Ook stelt ze regelmatig controle van begrip vragen over de instructie: ‘Hoe moet ik de strook wegleggen? Waarom moet de strook tegen de rand van het papier aan liggen? Ik zet de pion hier. Klopt dit? Waar zet ik de pion weg? Hoeveel stroken lang is het blaadje?’ Wanneer een leerling het antwoord niet wist, gaf ze aan dat dit niet erg was en het aan een klasgenoot vraagt, maar later wel terugkomt met dezelfde vraag. Een klasgenoot geeft het juiste antwoord, juf José herhaalt het antwoord en daarna geeft ze nogmaals het kind dat het niet wist een beurt. Tijdens de instructie merkt ze op dat de kinderen het lastiger vinden dan ze had verwacht. Ze verlengt de begeleide inoefening. De jullie-fase slaat ze over, omdat deze interventie vandaag geen recht doet aan het behalen van het lesdoel in deze groep. Juf José past wel de jij-fase toe. De kinderen meten met de strook hoeveel stroken lang de whiteboardstift is. Tot slot mogen ze zelf evalueren of ze dit doel moeilijk of makkelijk vonden en stelt ze een controle van begrip vraag als ‘Waarom moet je precies kunnen meten?’ Ze geeft aan dat de groep morgen nogmaals met dit doel aan de slag gaat.

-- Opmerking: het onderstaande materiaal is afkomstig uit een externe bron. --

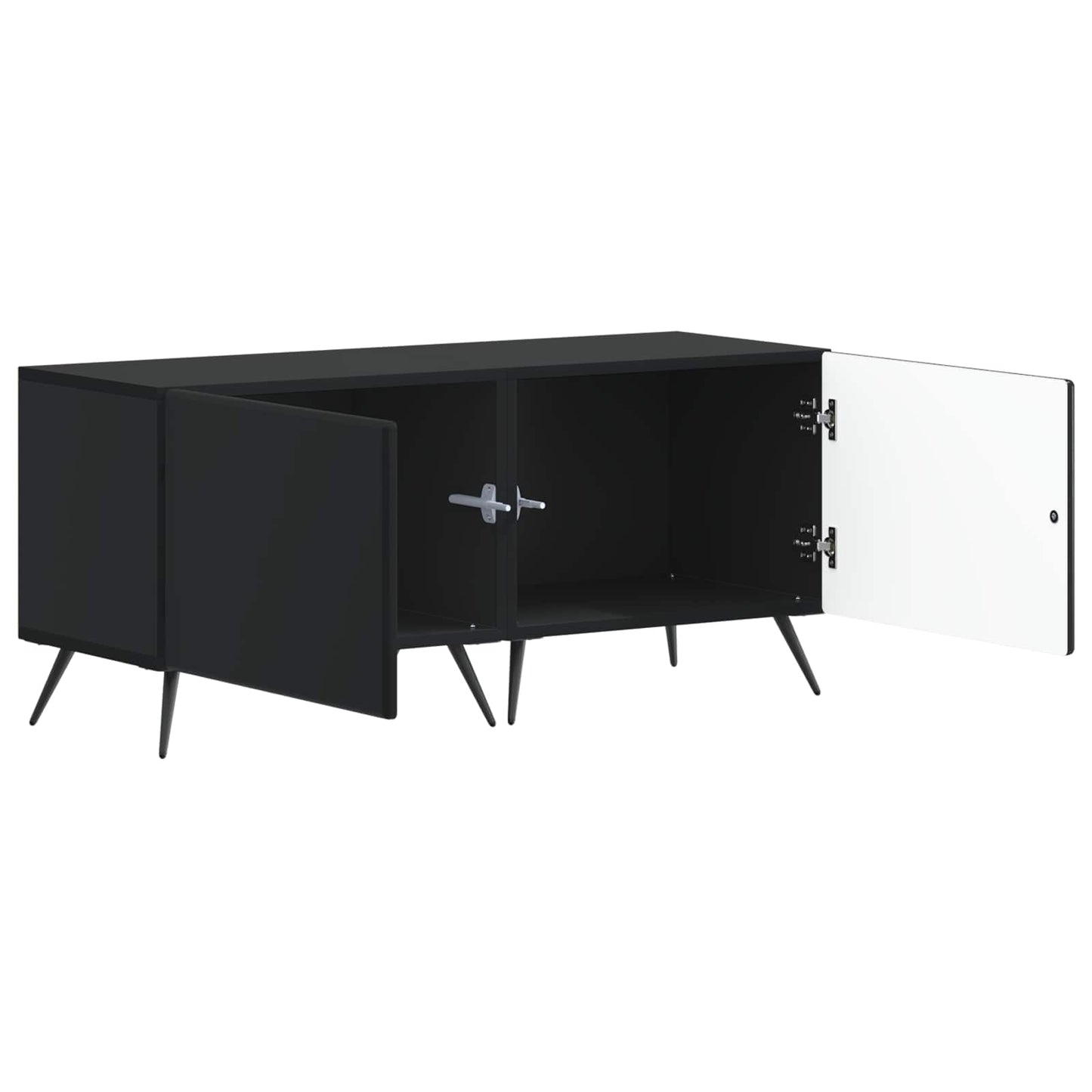 TV Cabinet Black Engineered Wood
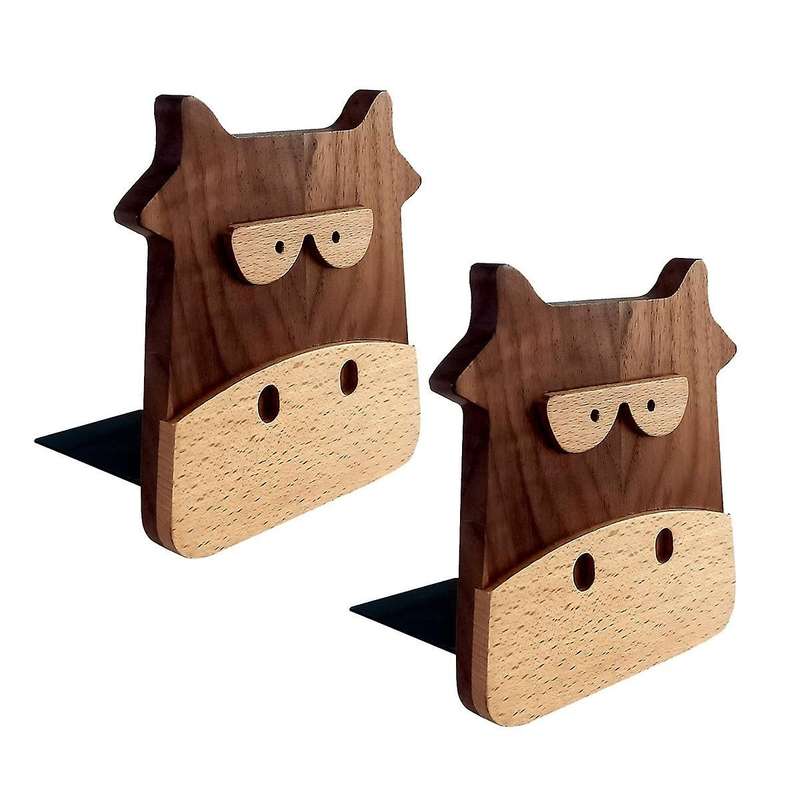 Wooden Walnut Beech Wood Bookends Book Organizer Office Desktop Home Bookends Book Ends Stand Holder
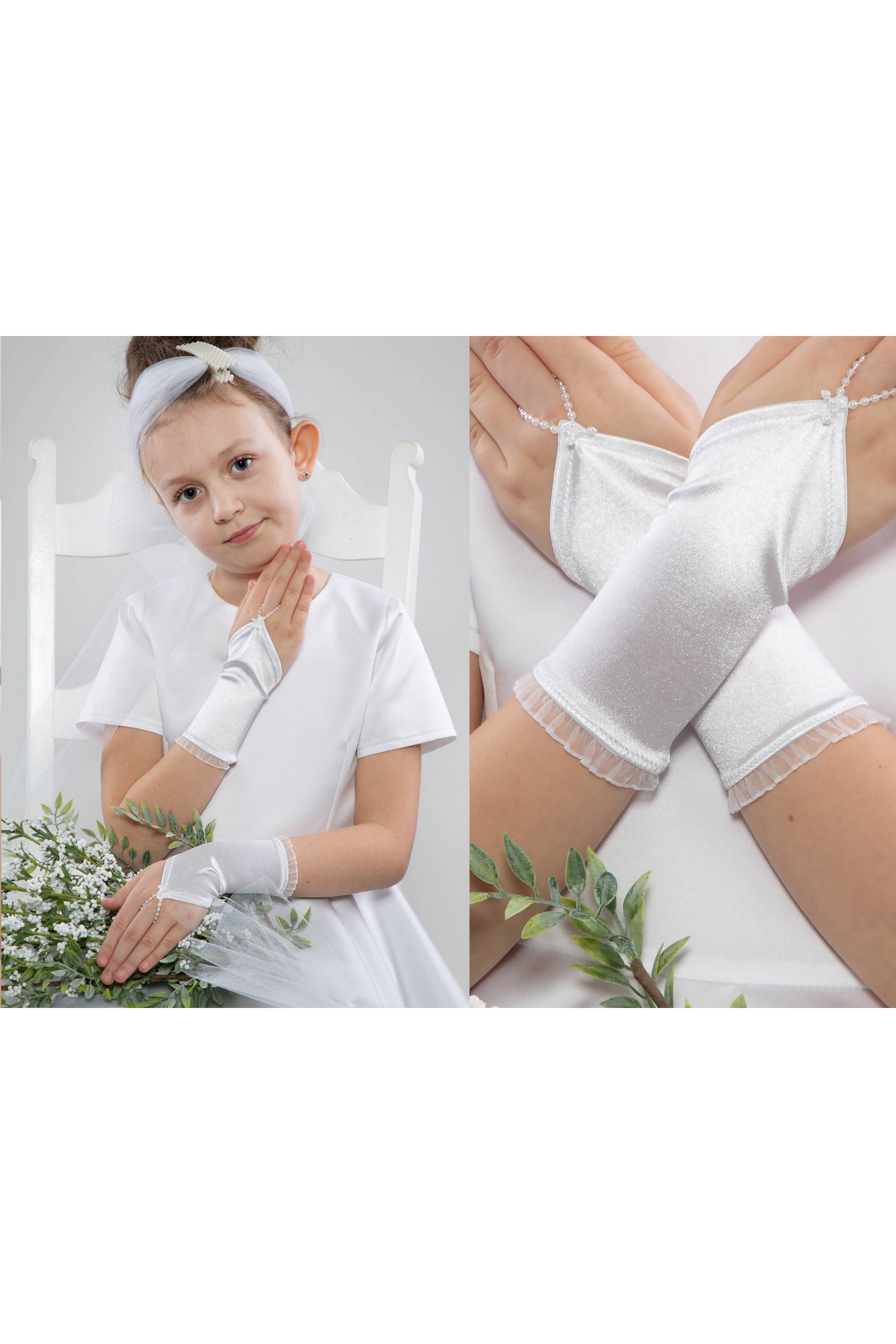 Rękawiczki komunijne na palec Nr24/p - obraz 1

EDI bij kleuters in het SO

Tot slot ging ik kijken bij juf Nicole. Zij heeft kleuters en in haar groep werkt ze met verschillende niveaus. Er zitten bij haar kinderen in de klas die doorstromen naar de onderwijszorggroep, maar ook naar SO of ZML. Tijdens haar activiteit nam ze een aantal kinderen met doorstroom SO bij haar.

Juf Nicole blikt terug naar de vormen die de kinderen al hebben geleerd. Dit doet ze door de vormen nog eens een keer te laten zien. Daarna deelt ze het lesdoel: ‘Ik leer de vormen bol, kubus en balk. Ieder woord wordt ondersteund met een pictogram. Aan de hand van materialen modelt (ik doe het voor) juf Nicole de begrippen. Ze laat de kinderen de begrippen hardop herhalen. Dit is sterk, want zo spreek je zowel gehoor als spraak aan. Daarna ligt er een balk, een bol en een vierkant op de grond. De kinderen gaan een voorwerp bij de juiste vorm leggen en benoemen welke vorm het voorwerp heeft (wij doen het samen). Na deze fase stelt juf Nicole aan individuele leerlingen een controle van begrip vraag. Zij zorgt voor denktijd en geeft een willekeurige beurt, maar door meteen individuele vragen te stellen, missen deze kinderen begeleide inoefening. Je laat de kinderen hierdoor te snel los. Tot slot verwerkt ze deze opdracht op het smartboard en met een werkblad. Op deze manier checkt juf Nicole individueel welke kinderen het lesdoel wel en niet behaald hebben. 

 

EDI kan dus ook in het speciaal onderwijs!

Ulingshof-Venlo-2.jpg

Bron: methode Lesson Up (Ulingshof Venlo).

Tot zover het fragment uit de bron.